*** DATA RECORDS Section Begins ***
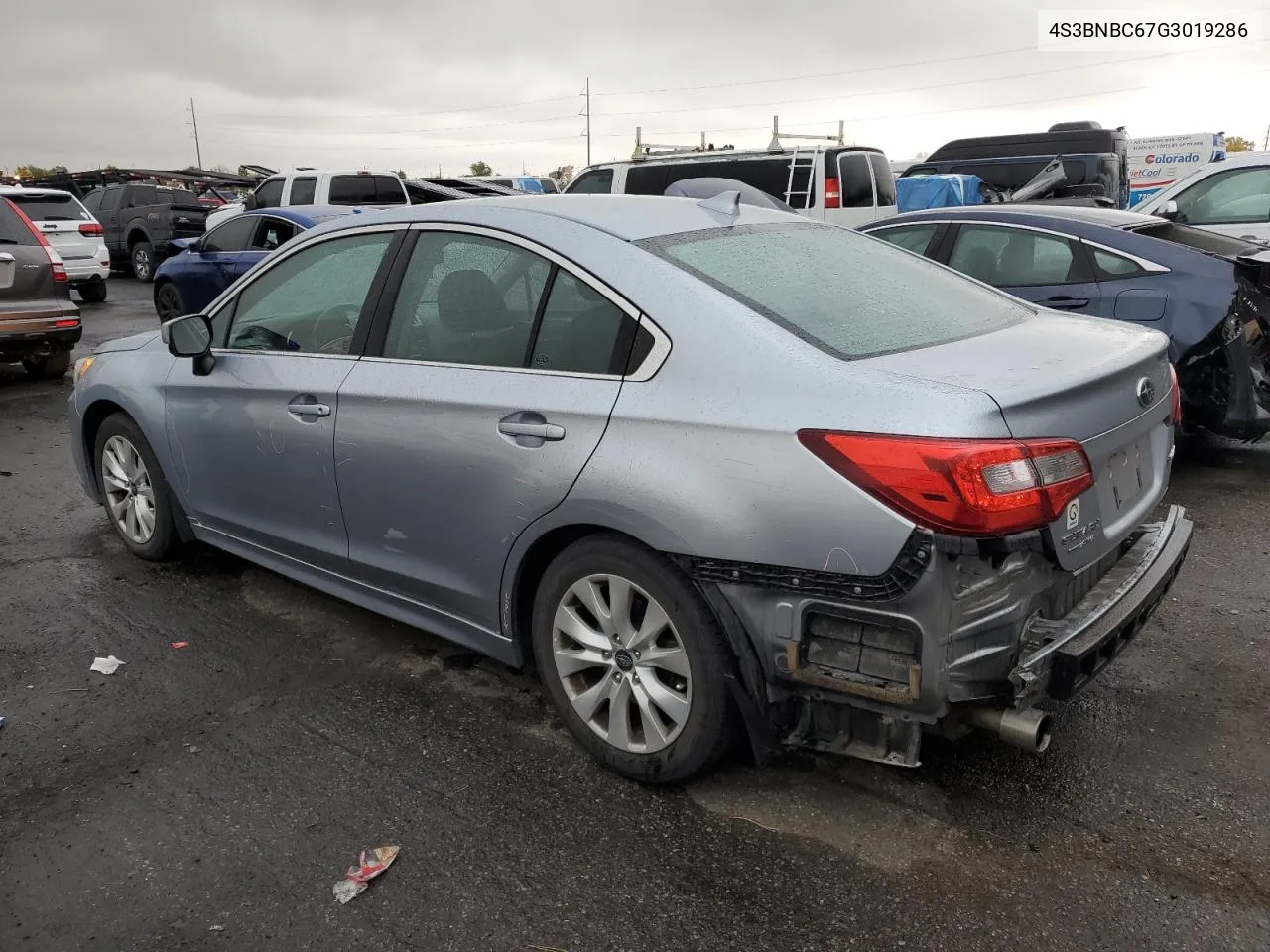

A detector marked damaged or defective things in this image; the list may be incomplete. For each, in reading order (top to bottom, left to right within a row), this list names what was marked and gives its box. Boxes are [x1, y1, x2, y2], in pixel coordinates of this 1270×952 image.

damaged vehicle [66, 191, 1191, 781]
damaged vehicle [865, 205, 1270, 442]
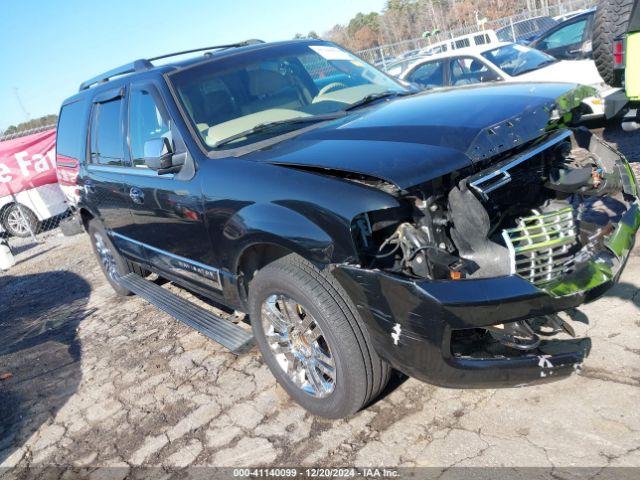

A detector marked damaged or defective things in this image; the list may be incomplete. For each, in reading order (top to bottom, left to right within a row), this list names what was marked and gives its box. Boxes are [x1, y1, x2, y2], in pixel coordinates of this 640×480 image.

crumpled hood [246, 81, 596, 188]
cracked bumper [332, 202, 636, 390]
front-end collision damage [338, 93, 636, 386]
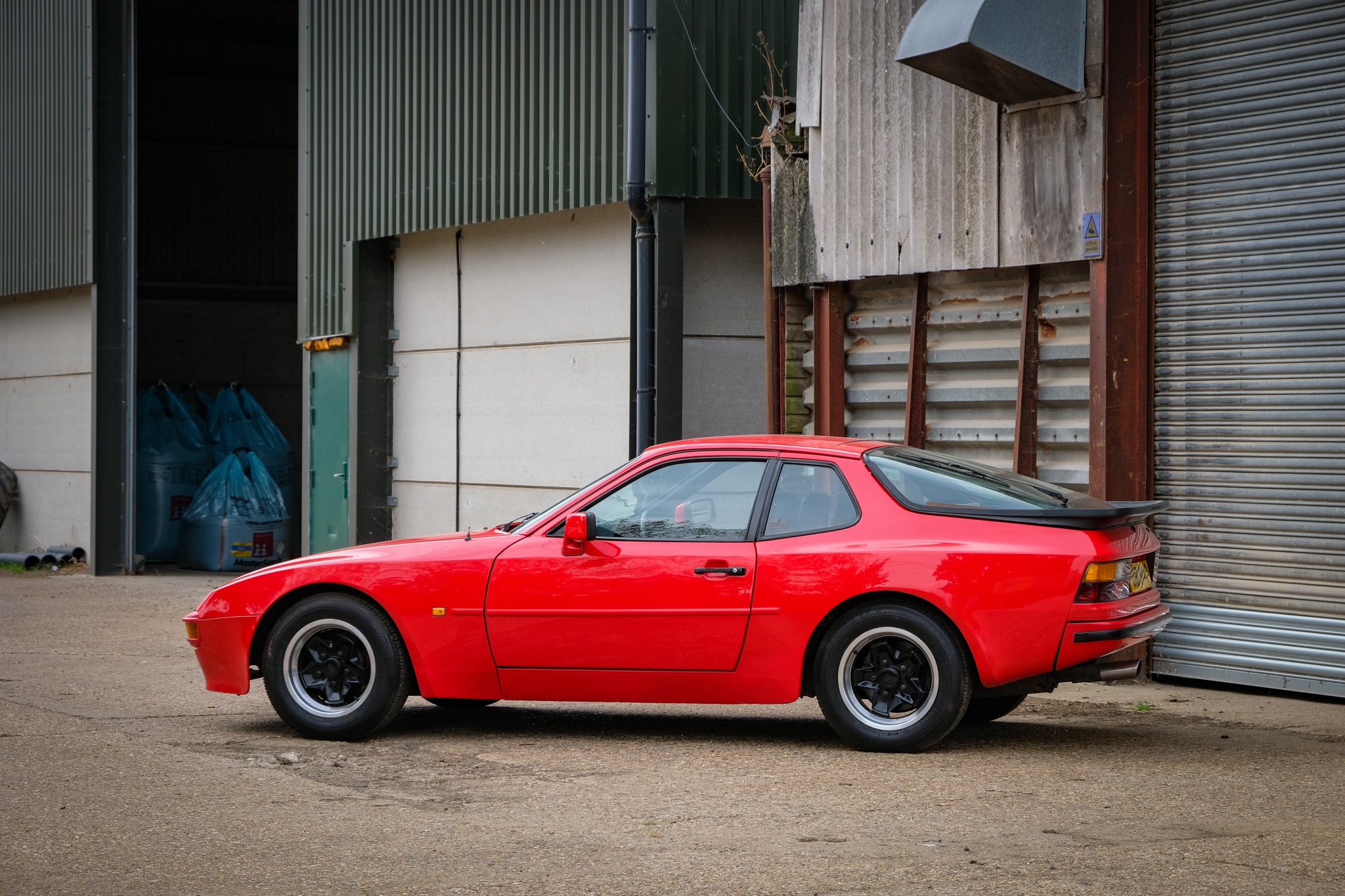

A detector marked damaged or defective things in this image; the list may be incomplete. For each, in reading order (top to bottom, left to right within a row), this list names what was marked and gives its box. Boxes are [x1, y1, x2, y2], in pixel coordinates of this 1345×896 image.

rusty metal shutter [841, 265, 1093, 491]
rusty metal shutter [1151, 0, 1345, 698]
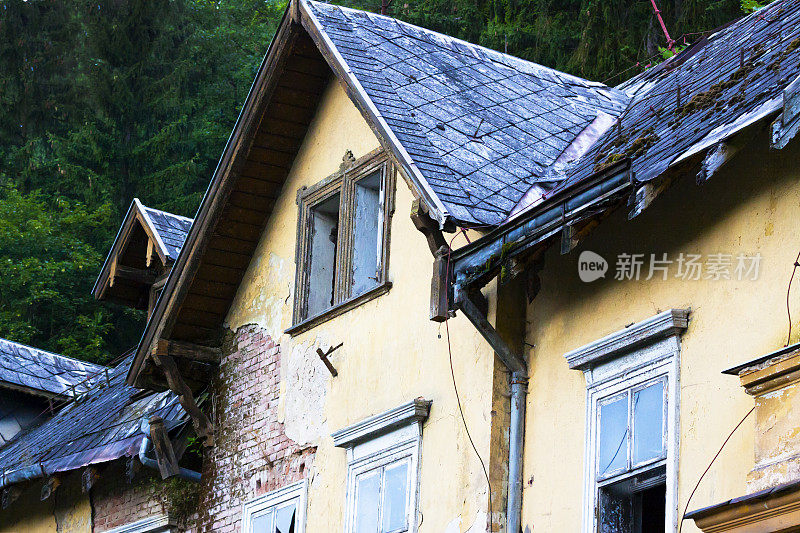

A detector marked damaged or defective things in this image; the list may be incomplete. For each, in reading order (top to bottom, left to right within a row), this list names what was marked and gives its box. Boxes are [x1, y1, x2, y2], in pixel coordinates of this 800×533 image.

broken gutter [450, 160, 632, 302]
damaged eave [446, 159, 636, 304]
broken structural beam [152, 354, 214, 444]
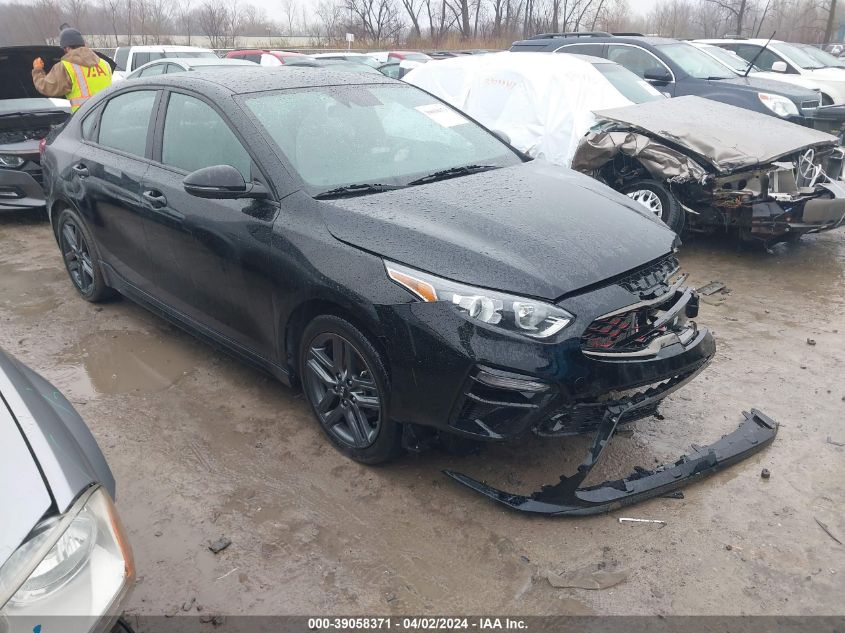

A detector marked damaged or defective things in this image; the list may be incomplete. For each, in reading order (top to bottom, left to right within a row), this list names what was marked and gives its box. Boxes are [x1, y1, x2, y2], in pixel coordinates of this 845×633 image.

wrecked silver car [576, 96, 844, 242]
detached bumper cover on ground [446, 408, 780, 516]
damaged front bumper [448, 408, 780, 516]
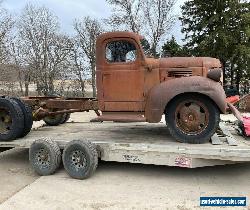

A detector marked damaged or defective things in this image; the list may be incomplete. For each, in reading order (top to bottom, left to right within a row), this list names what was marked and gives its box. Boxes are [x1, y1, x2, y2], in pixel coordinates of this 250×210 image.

rusted steel body [22, 96, 98, 120]
rusty vintage truck [0, 31, 227, 144]
rusted steel body [94, 32, 226, 122]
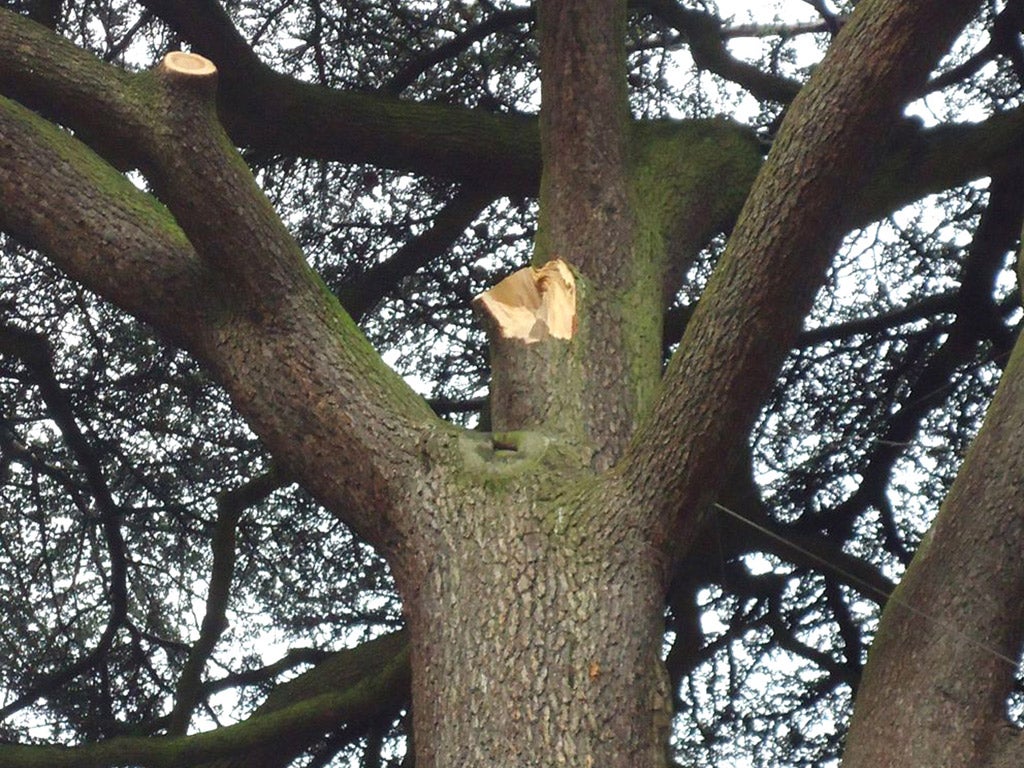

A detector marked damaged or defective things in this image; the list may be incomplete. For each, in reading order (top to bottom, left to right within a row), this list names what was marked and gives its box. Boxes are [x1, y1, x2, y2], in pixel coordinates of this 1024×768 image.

torn wood splinter [471, 259, 577, 342]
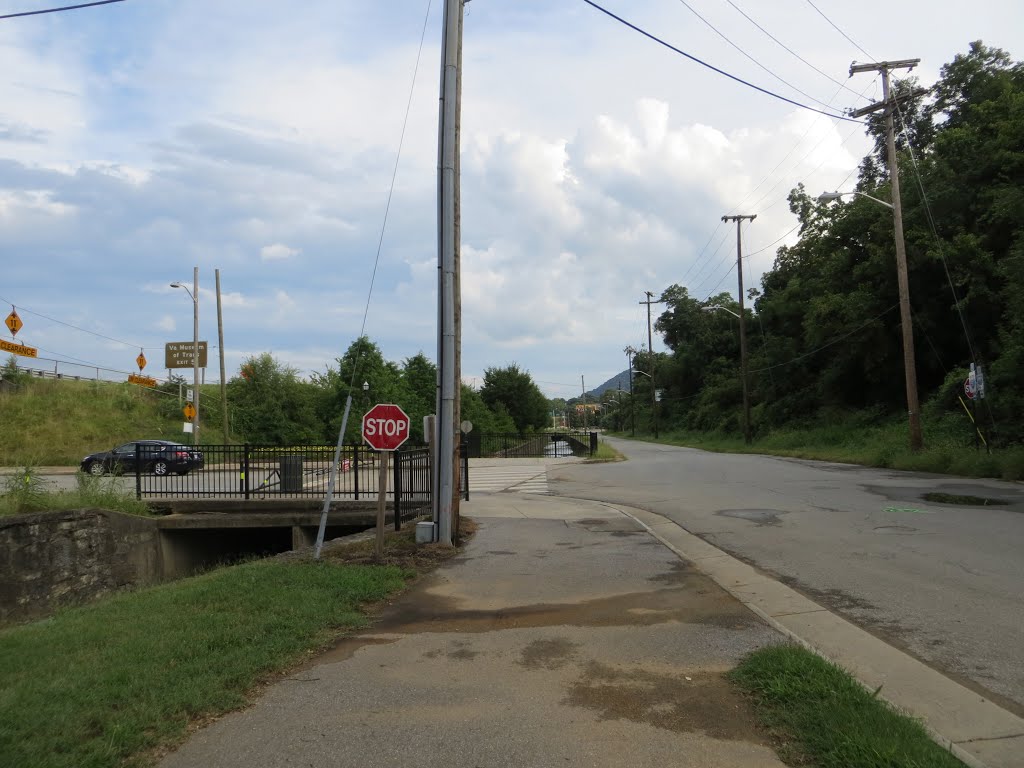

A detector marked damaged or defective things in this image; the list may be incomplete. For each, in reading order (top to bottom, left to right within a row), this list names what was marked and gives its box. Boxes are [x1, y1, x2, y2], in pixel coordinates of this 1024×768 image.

pothole in pavement [716, 512, 786, 528]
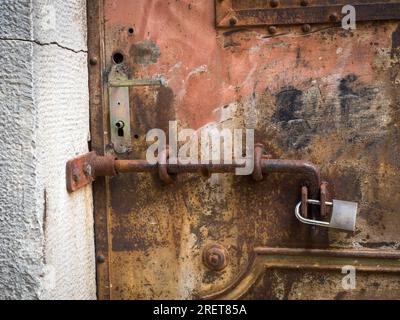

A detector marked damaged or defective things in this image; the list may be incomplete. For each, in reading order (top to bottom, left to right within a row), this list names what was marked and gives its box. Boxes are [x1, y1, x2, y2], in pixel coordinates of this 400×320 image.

rusty metal door [88, 0, 400, 300]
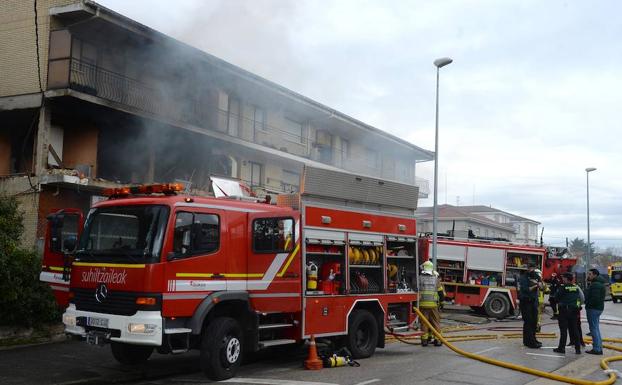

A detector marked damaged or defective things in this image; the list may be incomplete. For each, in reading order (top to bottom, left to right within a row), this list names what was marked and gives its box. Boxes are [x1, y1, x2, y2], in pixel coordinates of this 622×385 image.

damaged building facade [1, 0, 434, 249]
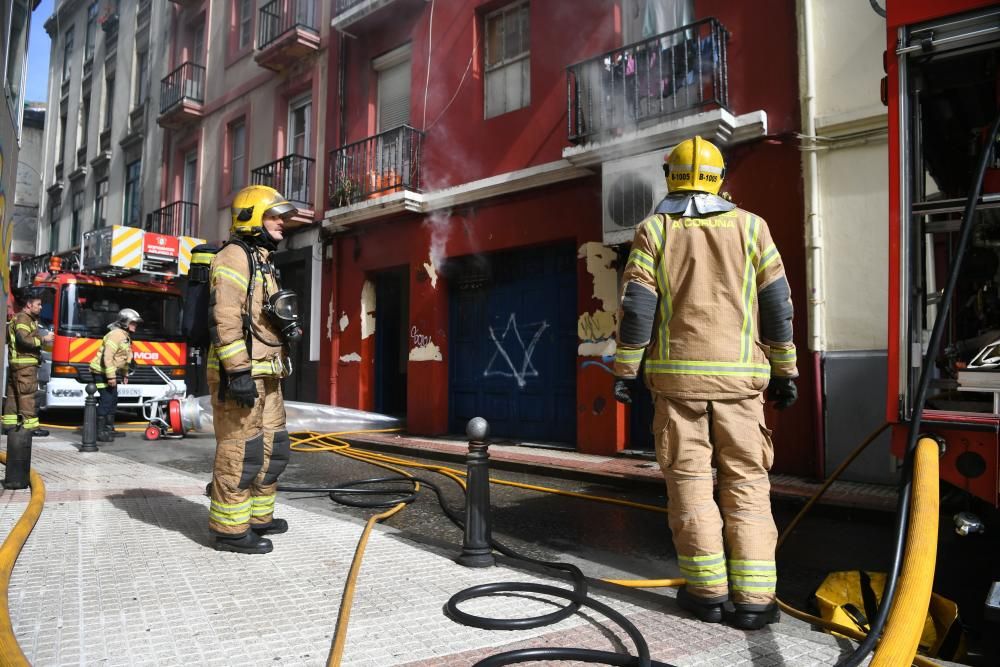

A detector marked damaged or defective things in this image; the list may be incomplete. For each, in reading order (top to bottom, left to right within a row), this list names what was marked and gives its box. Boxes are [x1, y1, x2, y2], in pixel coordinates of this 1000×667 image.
*** DATA RECORDS Section Ends ***
YOUR INSTRUCTIONS:
Without any of the pictures, set the entries down again exactly as written.

ANSWER BOX:
A detector marked damaged or defective things in this image; the list may be incomplete. For each, in reading order (top to bottom, left to right within a row), this list names what was marked and gives its box. Boxes are [x1, y1, x2, y2], in pixel coordinates of this 1270×952 image.

damaged vehicle [66, 191, 1191, 781]
damaged vehicle [865, 205, 1270, 442]

A detector marked damaged or defective things in this image; the list may be incomplete. For each, in reading order (top to bottom, left to right within a row), this list names what was marked and gives its box. Boxes are [x1, y1, x2, y2], in pixel coordinates of this 640×480 image.

crumpled hood [246, 81, 596, 188]
cracked bumper [332, 202, 636, 390]
front-end collision damage [338, 93, 636, 386]

A detector marked damaged or defective things in this image; the list may be incomplete. For each, in reading order (top to bottom, left to right within a row), this list names what was marked and gives its box. Boxes are [x1, y1, x2, y2], in pixel coordinates of this 1345×896 image.

rusty metal shutter [841, 265, 1093, 491]
rusty metal shutter [1151, 0, 1345, 698]

A detector marked damaged or defective things in this image; the list may be incomplete. For each, in reading order (top to bottom, left to right within a row), this list names what was marked and gives its box. Boxes are [x1, y1, x2, y2], in pixel coordinates of this 800×533 image.

broken gutter [450, 160, 632, 302]
damaged eave [446, 159, 636, 304]
broken structural beam [152, 354, 214, 444]

A detector marked damaged or defective things in this image; the list may be incomplete. For each, in reading order (top to bottom, left to right within a row), this list names what was marked and gives its box. Boxes are [x1, y1, x2, y2], in pixel coordinates of this 845×633 image.

wrecked silver car [576, 96, 844, 242]
detached bumper cover on ground [446, 408, 780, 516]
damaged front bumper [448, 408, 780, 516]

A detector marked damaged or defective things in this image; the list may be incomplete. For each, in reading order (top to bottom, left to right within a row), this list names what was marked and gives its box. Boxes are [x1, y1, x2, y2], in pixel coordinates of this 250×210 image.

rusted steel body [22, 96, 98, 120]
rusty vintage truck [0, 31, 227, 144]
rusted steel body [94, 32, 226, 122]

A detector marked damaged or defective things in this image; the list may be incomplete. For each, in reading order (top to bottom, left to right within a row), this list names what was marked and gives its box. Boxes are [x1, y1, x2, y2], in pixel coordinates of this 1024×768 image.

torn wood splinter [471, 259, 577, 342]

A detector marked damaged or defective things in this image; the list may be incomplete. For each, in reading order (top to bottom, left to right within a row), this list names what was marked and gives its box. Boxes are [x1, y1, x2, y2], in pixel coordinates of this 1024×768 image.

pothole in pavement [716, 512, 786, 528]

A detector marked damaged or defective things in this image; the list may be incomplete. For each, in reading order (top to bottom, left to right within a row), this list names what was marked and gives its box. Boxes are [x1, y1, x2, y2], in pixel coordinates of this 400×320 image.

rusty metal door [88, 0, 400, 300]

A detector marked damaged or defective things in this image; the list may be incomplete. For each, in reading order (top to bottom, left to right within a row), this list names what was marked and gives its box. Boxes are [x1, y1, x2, y2], in pixel coordinates of this 622×385 image.

damaged building facade [1, 0, 434, 249]

A detector marked damaged or defective things in this image; the list may be incomplete. For each, in reading order (top to bottom, left to right within a row), this list names what was marked and gives its box. Boxes are [x1, y1, x2, y2], in pixel coordinates of this 1000×667 image.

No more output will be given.